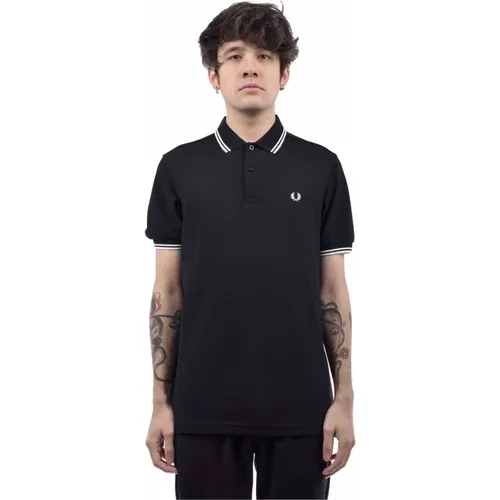 Tops > Polo Shirts - - Fred Perry - Modalova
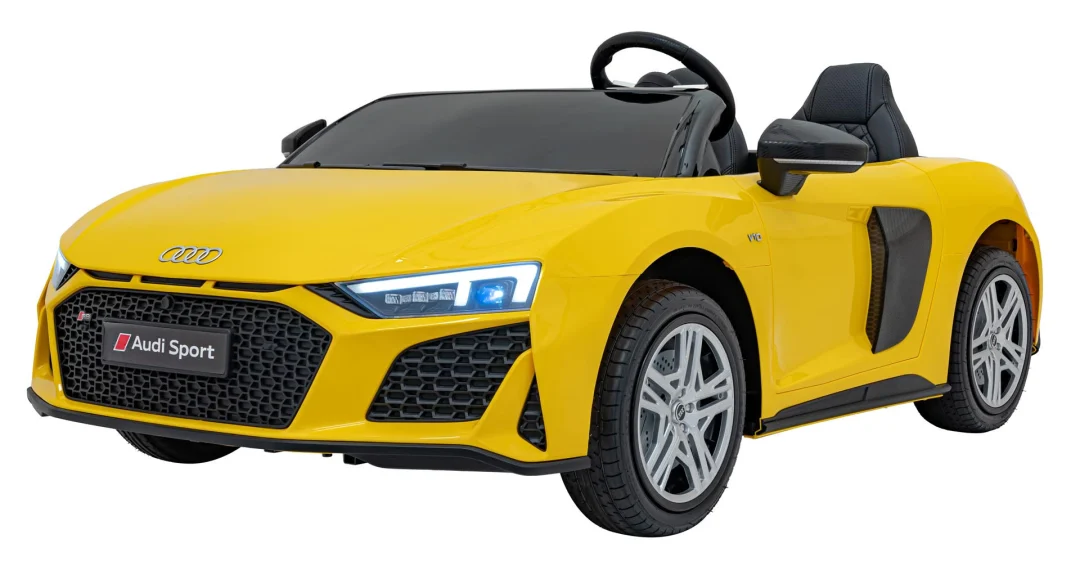 Vozilo Audi Spyder R8 LIFT STRONG žuto_2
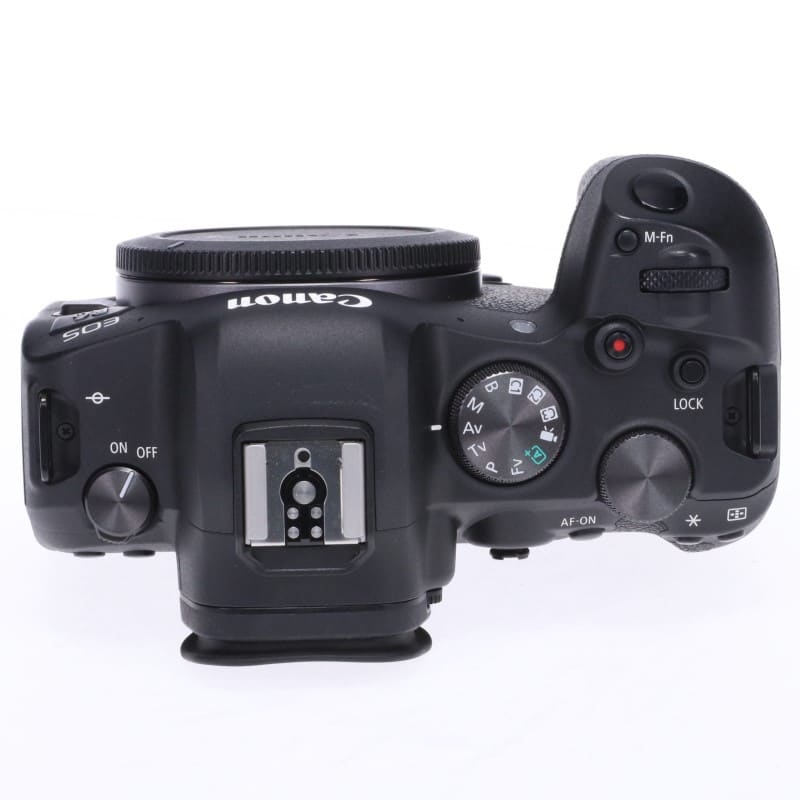 EOS R6 ボディー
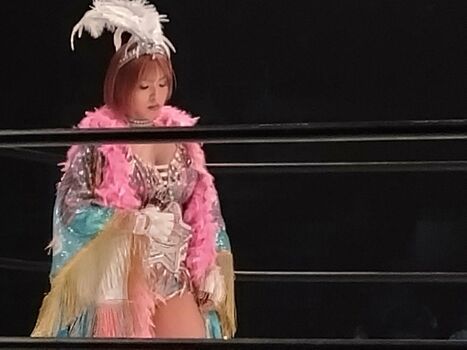 Mina Shirakawa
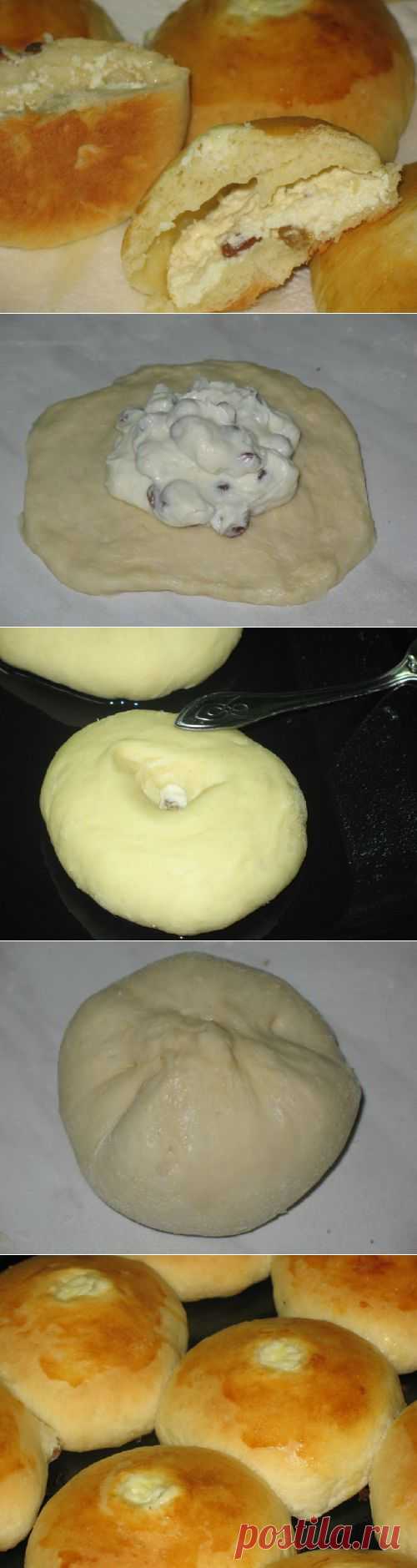 Хитрые ватрушки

= = = = =

- **ABOUT THIS TASK**: Return the listing above in full and unaltered. Keep the pictures out.

- **SOLUTION FOR THIS PROBLEM**:
 Tops > Polo Shirts - - Fred Perry - Modalova
 Vozilo Audi Spyder R8 LIFT STRONG žuto_2
 EOS R6 ボディー
 Mina Shirakawa
 Хитрые ватрушки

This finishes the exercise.